GPUを支える技術 ――超並列ハードウェアの快進撃[技術基礎] (WEB+DB PRESS plus)

 

 

良書。GPUの歴史や基礎、活用について、幅広くかつ深く学ぶことができる。

グラフィックスは(x, y, z, w)の同次座標系、(α, r, g. b)の色彩など、4次元ベクトルを使うことで、4*4の行列による線形変換で表現できる。そのため、GPUは、浮動小数点演算器を4つペアで持ち、積和計算を並列に行うことができる。このような行列計算は、科学技術シミュレーションや機械学習でも有用である。

GPUは、I/Oや複雑な処理は苦手であり、CPUとの組み合わせで使う。スマホ向けSoCは、CPUとGPUを統合している。CPUで処理した結果をGPUに持ってくるためのメモリ転送がボトルネックとなる。

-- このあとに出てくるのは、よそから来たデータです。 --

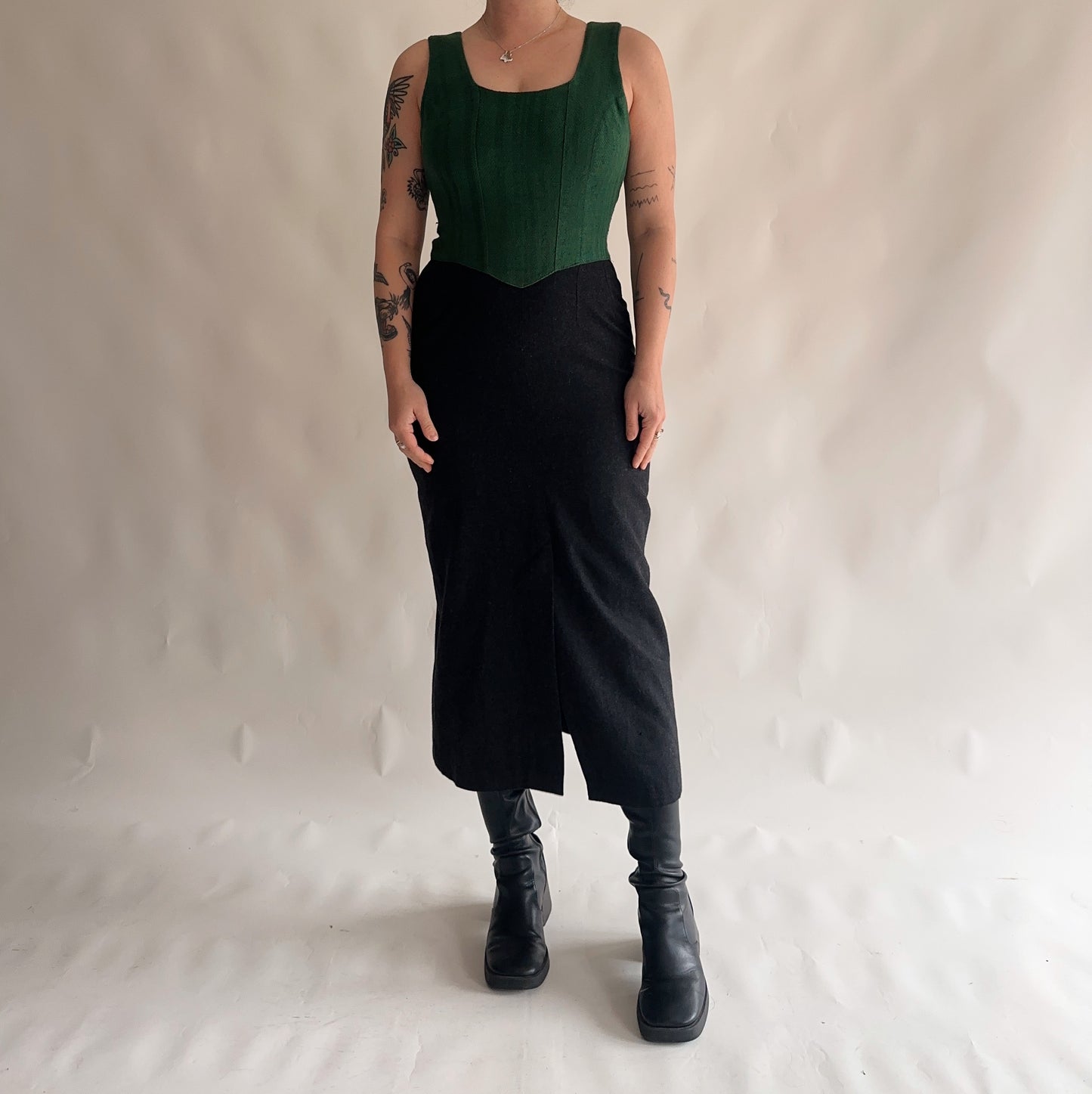 vestido vintage austríaco (L)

メモリ転送などの処理をC言語に拡張した言語を使ってGPU処理を記述する。CUDAはNVIDIAのプロプラ言語であり、OpenCLは標準版。CUDAの方が、NVIDIAの最新技術を活用するとともに高速性が得やすい。一方、通常のC言語に並列指示をするだけのアプローチもあり、NVIDIA系のOpenACCと、標準のOpenMPがある。OpenMPはCPUだけの並列処理やCPUに複数のGPUを接続したりといった、幅広い実装に適用できる。